Segment Start: SUPPLIED MATERIAL
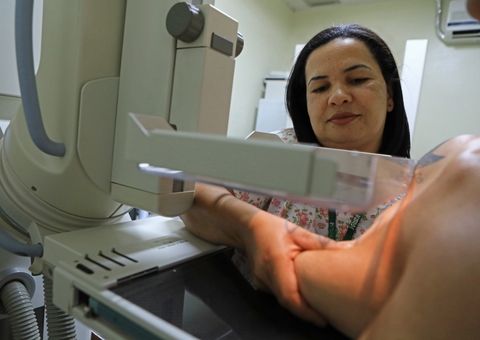 Mitos e verdades sobre a mamografia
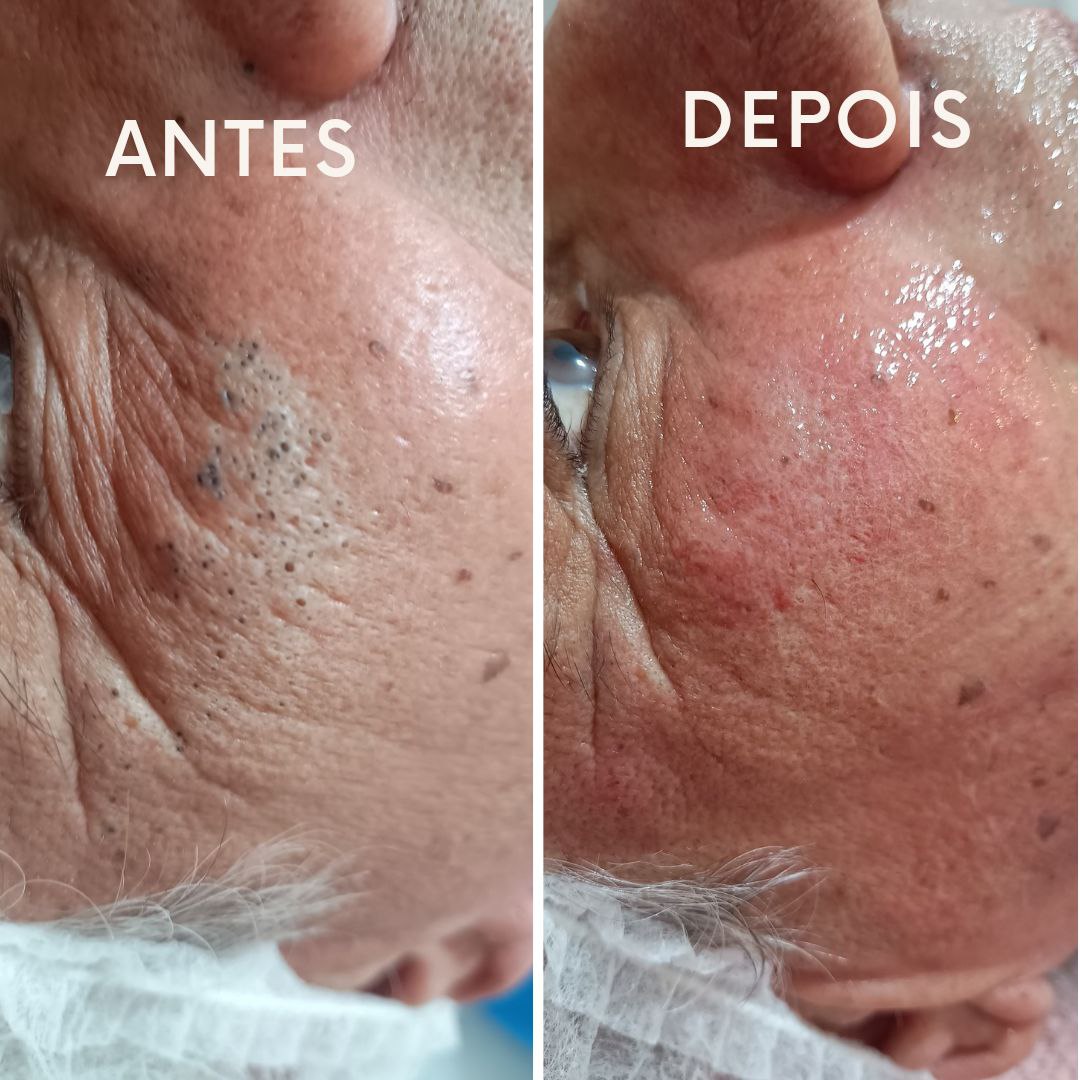 Limpeza de Pele 4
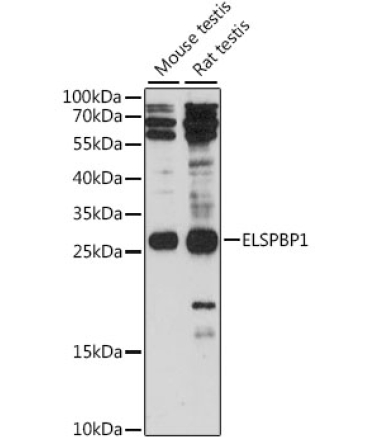 ELSPBP1 Rabbit Polyclonal Antibody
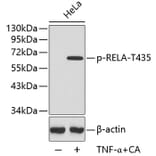 Western Blot - Anti-RELA (phospho T435) Antibody (AP0447) - Antibodies.com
Segment End: SUPPLIED MATERIAL
● THE TASK: Restate the listing above word for word, and skip the pictures.

● REPLY TO THE EXERCISE:
 Mitos e verdades sobre a mamografia
 Limpeza de Pele 4
 ELSPBP1 Rabbit Polyclonal Antibody
 Western Blot - Anti-RELA (phospho T435) Antibody (AP0447) - Antibodies.com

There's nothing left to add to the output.